» What to work on
In the records, find every line with the word "Profile" and copy it out.

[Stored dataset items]
—————

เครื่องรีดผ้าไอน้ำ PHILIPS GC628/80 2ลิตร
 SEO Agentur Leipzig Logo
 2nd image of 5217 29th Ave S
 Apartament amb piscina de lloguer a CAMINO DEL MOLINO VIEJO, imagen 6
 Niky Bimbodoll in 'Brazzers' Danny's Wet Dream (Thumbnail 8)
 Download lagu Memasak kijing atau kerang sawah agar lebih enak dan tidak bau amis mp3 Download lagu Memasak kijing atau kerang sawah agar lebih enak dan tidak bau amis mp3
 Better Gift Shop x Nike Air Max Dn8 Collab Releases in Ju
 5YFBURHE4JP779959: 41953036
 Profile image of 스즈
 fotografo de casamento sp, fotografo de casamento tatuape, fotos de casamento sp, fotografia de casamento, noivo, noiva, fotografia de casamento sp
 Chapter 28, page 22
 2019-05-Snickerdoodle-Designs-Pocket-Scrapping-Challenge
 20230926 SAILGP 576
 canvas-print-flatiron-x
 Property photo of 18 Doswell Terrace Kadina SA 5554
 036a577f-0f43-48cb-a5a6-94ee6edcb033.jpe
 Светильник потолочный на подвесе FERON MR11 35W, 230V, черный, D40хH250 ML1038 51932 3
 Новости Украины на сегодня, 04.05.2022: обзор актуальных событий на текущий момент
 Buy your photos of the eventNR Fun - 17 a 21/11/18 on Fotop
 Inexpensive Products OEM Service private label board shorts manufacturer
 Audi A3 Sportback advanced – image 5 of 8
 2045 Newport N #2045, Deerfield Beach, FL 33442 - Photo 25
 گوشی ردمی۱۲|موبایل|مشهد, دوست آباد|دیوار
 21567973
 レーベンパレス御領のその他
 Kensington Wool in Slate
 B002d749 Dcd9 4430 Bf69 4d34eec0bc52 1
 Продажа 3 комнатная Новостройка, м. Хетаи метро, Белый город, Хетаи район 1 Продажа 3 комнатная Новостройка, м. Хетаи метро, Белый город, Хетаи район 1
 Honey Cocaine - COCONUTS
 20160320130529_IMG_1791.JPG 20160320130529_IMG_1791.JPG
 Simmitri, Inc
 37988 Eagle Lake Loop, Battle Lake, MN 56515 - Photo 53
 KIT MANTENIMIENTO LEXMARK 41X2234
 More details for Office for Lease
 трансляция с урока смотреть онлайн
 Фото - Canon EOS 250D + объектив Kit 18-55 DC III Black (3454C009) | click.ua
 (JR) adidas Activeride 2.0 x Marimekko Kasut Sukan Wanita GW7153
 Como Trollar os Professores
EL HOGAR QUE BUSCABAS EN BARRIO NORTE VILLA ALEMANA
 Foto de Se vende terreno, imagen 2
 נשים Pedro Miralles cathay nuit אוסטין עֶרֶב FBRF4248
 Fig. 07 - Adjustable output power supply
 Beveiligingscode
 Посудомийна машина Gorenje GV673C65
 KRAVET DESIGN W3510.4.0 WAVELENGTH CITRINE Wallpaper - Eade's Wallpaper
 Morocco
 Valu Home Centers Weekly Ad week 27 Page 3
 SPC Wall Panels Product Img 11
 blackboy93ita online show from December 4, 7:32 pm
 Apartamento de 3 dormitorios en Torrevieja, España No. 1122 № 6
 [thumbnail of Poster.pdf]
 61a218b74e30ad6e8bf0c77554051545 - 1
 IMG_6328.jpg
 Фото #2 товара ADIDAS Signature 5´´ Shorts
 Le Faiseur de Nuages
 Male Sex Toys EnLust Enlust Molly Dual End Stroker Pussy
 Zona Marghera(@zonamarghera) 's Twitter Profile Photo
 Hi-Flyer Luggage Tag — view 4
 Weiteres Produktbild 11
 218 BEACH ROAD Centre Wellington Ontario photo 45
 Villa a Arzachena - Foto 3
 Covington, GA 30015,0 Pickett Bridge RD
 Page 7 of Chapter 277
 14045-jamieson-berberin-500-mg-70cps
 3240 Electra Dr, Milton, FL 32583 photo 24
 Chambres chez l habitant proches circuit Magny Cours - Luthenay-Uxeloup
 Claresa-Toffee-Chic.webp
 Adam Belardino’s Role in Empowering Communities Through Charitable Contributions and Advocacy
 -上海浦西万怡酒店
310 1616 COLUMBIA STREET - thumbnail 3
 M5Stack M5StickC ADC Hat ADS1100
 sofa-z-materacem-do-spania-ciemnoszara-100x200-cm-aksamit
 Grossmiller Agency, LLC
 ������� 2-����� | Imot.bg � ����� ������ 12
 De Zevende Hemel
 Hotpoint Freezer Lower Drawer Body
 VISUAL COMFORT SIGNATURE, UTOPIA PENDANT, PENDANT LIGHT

—————

» Worked solution
 Profile image of 스즈
 Zona Marghera(@zonamarghera) 's Twitter Profile Photo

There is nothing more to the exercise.